Legal requirements for gift

As per the Transfer of Property Act, the transfer of a house property under a gift, has to be effected by a registered instrument/document, signed by or on behalf of the person gifting the property and should also be attested by at least two witnesses. The registrar shall ensure that proper stamp duty has been affixed on the gift deed/document, when it is presented for registration. The amount of stamp duty and registration charges payable, with respect to a gift deed, are generally the same as in the case of a regular sale. However, if the gift deed is executed between some specified close relatives, some states provide concessions in stamp duty. For example, Maharashtra used to have a cap on stamp duty payable on gift of a residential or agricultural property to one’s spouse, children, grandchildren or wife of a son who has died, at Rs 200, till May 16, 2017. Now, the stamp duty applicable is three per cent of the market value of the transaction.

Income tax implication

According to income tax laws, the value of all the gifts received by a person during a year is fully exempt, as long as the total of such gifts does not exceed Rs 50,000 in a year. If the value of all the gifts taken together exceeds Rs 50,000, then, the aggregate of the gifts received become taxable without any threshold exemption. However, income tax laws also give a favourable treatment, to gifts between two close relatives. Consequently, the gift of any asset (whether movable or immovable) made to certain specified relatives, is fully exempt from tax in the hand of the recipient, without any upper limit. The list of close relatives includes parents, spouse, siblings, siblings of the spouse, lineal ascendants and descendants of the person and his/her spouse. The list also includes spouse of the abovementioned persons.

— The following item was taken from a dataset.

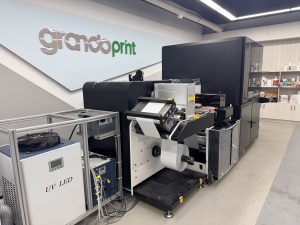 grando-gr350s-roll-to-roll-label-printer-showroom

If the house property is received as a gift from a relative, the first incidence of tax will arise, when you sell the property. The cost for the purpose of income tax, shall be the taken as the cost that was paid for the property by any of the previous owners. The profits shall be treated as short-term or long-term, depending on whether the aggregate of your holding period as well as that of the previous owner who had actually paid for it, is more than 36 months or not.

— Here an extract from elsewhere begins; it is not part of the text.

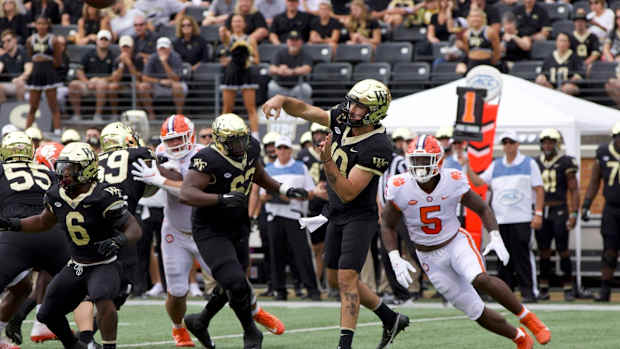 Hartman throws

If the holding period as computed above is less than 36 months, the profit accrued on the sale of such property, shall be treated as short-term and will be added to your regular income and taxed at the applicable slab rate. However, if the holding period is more than 36 months, you will get the benefit of indexation on the cost of the property, as well as the option to claim exemption from payment of 20% long-term capital gains tax, by investing in a residential house or in capital gains bonds of Rural Electrification Corporation (REC) or National Highway Authority of India (NHAI).